Let $X,Y$ be Hausdorff and $f,g : X \to Y$ continuous. Let $A \subset X$ be dense and suppose that $f\mid_A = g\mid_A$. Show that $f=g$.

Let $X,Y$ be Hausdorff and $f,g : X \to Y$ continuous. Let $A \subset X$ be dense and suppose that $f\mid_A = g\mid_A$. Show that $f=g$.

Suppose the contrary that $f \ne g$. This implies that there exists $x \in X$ such that $f(x)\ne g(x)$. As $Y$ is Hausdorff we can consider neighborhoods $U_{f(x)}$ and $U_{g(x)}$ for which we have that $U_{f(x)} \cap U_{g(x)} = \emptyset$. Now $$f^{-1}(U_{f(x)} \cap U_{g(x)})=f^{-1}(U_{f(x)}) \cap f^{-1}(U_{g(x)})=\emptyset$$ but this is a contradiction since both of them contain at least $x$?

I'm not sure if the proof is correct since I'm not using the density of $A$ at all. Isn't it true that $x \in f^{-1}(U_{f(x)}) \cap f^{-1}(U_{g(x)})$?

Solution 1:

Why would $f^{-1}[U_{g(x)}]$ contain $x$?

Without density of $A$, the claim is obviously false.

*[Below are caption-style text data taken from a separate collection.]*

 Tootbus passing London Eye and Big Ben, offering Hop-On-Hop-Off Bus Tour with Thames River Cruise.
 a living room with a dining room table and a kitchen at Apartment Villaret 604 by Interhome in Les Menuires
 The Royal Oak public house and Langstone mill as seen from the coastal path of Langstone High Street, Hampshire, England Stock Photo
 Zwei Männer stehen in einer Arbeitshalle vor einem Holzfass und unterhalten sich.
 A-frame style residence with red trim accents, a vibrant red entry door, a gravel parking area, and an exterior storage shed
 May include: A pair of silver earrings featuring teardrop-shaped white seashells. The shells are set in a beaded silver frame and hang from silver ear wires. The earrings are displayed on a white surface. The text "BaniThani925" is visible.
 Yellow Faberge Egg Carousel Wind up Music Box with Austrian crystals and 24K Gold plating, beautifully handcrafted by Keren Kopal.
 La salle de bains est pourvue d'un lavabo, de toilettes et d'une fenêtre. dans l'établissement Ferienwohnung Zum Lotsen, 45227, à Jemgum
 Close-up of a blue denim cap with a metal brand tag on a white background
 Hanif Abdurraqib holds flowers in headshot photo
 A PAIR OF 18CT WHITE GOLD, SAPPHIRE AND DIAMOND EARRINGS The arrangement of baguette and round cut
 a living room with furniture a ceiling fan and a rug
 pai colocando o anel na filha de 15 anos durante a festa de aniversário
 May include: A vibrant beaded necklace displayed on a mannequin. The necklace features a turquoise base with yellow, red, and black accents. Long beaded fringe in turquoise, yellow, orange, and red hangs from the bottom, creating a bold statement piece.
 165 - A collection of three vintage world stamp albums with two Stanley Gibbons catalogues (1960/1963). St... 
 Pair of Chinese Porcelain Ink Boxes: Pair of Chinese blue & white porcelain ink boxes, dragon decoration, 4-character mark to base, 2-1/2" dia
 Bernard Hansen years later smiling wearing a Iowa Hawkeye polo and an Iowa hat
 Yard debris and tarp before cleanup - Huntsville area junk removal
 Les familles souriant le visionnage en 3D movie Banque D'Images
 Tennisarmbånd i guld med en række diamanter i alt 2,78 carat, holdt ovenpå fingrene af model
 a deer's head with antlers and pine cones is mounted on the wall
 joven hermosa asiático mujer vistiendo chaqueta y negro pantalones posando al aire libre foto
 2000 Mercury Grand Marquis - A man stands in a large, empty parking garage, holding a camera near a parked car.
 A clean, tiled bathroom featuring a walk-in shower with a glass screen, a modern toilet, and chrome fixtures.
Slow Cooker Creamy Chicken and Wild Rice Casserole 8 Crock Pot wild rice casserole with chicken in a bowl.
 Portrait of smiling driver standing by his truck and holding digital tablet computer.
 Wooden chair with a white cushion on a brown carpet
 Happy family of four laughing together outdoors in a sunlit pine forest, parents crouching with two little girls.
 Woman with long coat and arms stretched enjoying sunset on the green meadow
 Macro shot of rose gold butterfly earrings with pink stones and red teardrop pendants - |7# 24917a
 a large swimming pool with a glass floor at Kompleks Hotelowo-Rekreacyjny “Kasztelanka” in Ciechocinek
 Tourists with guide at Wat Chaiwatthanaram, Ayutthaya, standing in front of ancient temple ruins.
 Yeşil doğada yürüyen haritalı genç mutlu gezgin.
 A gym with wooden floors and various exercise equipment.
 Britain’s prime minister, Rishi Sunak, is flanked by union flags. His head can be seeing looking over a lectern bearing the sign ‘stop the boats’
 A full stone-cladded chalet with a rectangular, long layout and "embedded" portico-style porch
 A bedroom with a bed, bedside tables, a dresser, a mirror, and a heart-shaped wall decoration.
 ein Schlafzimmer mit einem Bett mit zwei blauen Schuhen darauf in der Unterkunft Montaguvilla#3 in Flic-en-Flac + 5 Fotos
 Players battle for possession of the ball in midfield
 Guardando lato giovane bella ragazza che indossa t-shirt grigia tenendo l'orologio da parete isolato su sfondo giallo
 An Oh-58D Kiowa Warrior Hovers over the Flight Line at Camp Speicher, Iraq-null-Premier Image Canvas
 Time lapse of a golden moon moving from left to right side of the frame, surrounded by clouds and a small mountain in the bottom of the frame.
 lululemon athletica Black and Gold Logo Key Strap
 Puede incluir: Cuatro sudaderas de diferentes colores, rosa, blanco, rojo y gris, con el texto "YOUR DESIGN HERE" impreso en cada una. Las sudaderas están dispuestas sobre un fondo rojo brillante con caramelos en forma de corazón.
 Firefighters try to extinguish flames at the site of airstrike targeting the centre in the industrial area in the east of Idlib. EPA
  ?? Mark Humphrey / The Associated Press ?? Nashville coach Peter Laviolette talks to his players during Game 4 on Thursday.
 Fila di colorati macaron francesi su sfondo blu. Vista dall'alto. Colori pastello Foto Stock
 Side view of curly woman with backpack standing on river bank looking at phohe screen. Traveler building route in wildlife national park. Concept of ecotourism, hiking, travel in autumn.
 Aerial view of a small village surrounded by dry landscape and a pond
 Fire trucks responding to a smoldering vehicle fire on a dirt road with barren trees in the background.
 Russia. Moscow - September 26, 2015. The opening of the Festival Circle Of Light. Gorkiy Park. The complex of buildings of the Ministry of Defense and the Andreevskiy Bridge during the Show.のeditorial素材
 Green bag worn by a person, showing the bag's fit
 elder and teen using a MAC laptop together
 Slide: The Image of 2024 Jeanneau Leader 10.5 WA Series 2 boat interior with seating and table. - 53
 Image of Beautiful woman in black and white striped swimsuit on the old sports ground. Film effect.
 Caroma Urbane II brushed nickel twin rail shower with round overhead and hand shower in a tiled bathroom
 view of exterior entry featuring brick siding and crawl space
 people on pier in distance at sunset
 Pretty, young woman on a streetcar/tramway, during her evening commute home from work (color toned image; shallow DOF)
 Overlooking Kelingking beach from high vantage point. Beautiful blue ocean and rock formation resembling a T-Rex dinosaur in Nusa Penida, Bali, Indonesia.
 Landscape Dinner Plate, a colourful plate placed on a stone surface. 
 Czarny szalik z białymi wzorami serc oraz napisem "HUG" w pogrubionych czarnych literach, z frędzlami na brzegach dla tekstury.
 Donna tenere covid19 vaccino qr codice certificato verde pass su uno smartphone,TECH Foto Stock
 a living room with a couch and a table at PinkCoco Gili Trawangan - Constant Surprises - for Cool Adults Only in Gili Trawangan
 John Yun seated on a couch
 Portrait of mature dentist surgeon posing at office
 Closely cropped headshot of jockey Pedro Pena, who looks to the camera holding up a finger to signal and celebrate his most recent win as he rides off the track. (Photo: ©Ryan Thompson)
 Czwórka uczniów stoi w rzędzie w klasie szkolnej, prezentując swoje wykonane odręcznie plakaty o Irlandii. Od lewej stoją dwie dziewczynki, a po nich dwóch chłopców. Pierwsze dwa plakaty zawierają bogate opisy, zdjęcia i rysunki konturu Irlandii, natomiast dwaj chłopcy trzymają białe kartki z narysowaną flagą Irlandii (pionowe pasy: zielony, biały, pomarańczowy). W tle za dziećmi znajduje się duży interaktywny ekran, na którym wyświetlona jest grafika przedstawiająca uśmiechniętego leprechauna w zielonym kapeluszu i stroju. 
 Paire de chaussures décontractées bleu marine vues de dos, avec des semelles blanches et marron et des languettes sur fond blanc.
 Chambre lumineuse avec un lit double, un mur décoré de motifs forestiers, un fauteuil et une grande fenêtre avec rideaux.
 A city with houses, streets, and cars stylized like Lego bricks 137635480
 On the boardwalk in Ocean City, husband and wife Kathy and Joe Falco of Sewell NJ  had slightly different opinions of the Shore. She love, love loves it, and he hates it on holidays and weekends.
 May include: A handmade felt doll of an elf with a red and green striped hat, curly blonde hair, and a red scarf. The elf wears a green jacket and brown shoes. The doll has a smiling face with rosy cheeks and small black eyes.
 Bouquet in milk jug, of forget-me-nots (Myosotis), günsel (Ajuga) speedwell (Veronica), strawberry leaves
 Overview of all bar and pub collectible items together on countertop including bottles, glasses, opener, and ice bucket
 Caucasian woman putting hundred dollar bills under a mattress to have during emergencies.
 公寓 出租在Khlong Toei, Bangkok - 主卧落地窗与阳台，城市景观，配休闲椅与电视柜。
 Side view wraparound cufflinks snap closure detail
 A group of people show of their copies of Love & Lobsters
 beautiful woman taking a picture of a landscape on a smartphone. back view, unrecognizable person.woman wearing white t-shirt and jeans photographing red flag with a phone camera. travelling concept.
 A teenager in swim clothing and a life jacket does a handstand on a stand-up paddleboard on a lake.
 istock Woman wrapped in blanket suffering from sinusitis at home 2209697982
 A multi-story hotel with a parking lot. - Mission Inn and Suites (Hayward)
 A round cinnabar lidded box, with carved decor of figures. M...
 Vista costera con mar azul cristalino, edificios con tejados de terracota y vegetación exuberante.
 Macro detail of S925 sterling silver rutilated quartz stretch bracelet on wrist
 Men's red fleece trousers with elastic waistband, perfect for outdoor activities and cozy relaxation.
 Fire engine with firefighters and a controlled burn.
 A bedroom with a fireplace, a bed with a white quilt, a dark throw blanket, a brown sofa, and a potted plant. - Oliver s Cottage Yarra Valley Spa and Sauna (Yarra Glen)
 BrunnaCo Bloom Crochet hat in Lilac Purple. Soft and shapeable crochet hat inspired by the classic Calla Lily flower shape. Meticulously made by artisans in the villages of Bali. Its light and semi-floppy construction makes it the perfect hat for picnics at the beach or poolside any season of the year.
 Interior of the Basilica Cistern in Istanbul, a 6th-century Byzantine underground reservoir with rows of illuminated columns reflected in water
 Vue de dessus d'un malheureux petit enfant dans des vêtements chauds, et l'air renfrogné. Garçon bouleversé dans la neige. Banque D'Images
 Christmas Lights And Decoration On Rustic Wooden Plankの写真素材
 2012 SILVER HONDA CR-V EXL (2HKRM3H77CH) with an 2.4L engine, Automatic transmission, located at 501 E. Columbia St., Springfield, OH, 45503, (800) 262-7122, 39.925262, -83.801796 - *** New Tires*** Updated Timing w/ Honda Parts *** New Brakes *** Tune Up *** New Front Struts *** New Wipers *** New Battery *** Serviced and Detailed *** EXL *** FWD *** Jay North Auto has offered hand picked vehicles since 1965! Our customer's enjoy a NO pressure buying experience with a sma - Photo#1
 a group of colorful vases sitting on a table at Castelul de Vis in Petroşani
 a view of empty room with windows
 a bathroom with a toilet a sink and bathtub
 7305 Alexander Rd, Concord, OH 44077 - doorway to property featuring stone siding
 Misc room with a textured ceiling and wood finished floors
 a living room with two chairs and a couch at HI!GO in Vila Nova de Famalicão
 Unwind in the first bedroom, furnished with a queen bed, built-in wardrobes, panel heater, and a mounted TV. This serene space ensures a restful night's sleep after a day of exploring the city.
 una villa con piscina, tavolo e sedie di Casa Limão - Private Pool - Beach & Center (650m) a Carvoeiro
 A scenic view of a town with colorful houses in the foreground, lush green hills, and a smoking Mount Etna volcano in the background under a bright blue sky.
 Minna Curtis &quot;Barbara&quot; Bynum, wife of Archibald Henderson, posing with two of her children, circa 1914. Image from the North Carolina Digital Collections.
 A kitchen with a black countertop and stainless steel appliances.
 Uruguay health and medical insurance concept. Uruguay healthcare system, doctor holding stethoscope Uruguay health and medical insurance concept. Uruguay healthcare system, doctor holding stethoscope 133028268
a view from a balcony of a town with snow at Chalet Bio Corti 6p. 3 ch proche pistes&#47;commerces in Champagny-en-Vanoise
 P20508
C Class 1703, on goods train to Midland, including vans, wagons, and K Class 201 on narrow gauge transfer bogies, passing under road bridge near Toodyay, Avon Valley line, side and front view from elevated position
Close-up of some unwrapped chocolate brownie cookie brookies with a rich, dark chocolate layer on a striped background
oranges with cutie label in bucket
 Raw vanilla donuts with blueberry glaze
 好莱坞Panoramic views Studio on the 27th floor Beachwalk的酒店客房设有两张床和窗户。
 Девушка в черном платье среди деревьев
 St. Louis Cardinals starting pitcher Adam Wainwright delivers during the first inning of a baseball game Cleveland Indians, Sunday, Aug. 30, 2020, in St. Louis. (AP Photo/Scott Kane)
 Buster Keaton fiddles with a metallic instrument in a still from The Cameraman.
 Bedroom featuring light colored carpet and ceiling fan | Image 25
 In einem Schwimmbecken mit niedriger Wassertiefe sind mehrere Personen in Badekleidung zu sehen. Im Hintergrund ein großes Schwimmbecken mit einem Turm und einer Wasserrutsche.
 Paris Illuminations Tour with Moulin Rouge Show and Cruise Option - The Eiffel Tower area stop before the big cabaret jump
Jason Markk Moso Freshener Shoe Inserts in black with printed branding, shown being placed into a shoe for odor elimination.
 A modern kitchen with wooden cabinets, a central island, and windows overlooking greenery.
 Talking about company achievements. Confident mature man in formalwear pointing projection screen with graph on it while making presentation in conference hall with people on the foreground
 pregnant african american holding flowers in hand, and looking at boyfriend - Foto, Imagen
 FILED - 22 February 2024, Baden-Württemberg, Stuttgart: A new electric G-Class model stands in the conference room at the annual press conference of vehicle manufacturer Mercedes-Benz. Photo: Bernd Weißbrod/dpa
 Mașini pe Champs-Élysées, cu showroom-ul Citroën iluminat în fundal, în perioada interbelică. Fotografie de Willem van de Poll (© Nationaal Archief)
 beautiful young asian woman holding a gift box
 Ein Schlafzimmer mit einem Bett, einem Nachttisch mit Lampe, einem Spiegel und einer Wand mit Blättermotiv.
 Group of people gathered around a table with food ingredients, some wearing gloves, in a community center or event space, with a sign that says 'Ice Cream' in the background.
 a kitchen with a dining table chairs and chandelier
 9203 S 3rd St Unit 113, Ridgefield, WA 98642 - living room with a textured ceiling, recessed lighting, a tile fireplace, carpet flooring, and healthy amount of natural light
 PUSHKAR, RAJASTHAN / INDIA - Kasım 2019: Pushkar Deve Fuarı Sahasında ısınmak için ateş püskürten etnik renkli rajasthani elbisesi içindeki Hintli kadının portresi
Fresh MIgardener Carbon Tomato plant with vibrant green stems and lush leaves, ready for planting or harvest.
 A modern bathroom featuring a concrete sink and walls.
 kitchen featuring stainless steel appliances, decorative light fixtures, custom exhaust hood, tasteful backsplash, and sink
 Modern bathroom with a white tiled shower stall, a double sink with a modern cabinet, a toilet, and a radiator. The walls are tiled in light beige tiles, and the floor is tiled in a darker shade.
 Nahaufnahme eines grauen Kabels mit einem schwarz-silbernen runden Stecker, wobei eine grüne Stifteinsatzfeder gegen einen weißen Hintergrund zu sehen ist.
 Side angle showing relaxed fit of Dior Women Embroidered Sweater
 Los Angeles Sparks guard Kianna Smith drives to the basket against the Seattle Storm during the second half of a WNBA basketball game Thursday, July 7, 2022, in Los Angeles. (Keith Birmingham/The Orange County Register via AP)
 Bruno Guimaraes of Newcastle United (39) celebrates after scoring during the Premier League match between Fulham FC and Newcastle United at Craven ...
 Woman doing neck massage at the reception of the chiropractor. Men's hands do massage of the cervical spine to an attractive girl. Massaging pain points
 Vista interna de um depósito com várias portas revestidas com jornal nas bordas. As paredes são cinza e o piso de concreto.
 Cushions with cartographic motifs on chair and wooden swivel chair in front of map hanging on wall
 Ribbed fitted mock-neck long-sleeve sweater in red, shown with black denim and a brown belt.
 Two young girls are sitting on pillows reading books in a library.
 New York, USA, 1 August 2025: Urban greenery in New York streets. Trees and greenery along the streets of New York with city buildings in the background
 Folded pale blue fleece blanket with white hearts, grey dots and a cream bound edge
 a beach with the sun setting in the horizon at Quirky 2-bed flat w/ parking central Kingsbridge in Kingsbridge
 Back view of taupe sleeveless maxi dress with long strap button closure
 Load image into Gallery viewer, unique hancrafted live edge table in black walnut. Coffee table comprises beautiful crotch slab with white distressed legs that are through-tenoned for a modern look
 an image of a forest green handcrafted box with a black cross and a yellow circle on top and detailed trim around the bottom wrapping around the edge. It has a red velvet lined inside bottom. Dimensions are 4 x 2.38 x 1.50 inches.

For example, consider $A=\emptyset$.

Notice that the density of $A$ means that there is a net in $A$ convergent to $x$.

(You also only need $Y$ to be Hausdorff, $X$ can be arbitrary, as far as I can tell.)

Solution 2:

Consider $f^{-1}[U_{f(x)}] \cap g^{-1}[U_{g(x)}]$ which is open in $X$ by continuity of $f$ and $g$, and non-empty as $x$ is in it.

So it intersects the dense set $A$ in some $a$. For $a\in A$ we know $f(a)=g(a)$ and $f(a) \in U_{f(x)}$ and $g(a) \in U_{g(x)}$ which together contradicts the disjointness of the chosen neighbourhoods in $Y$. $X$ being Hausdorff is superfluous.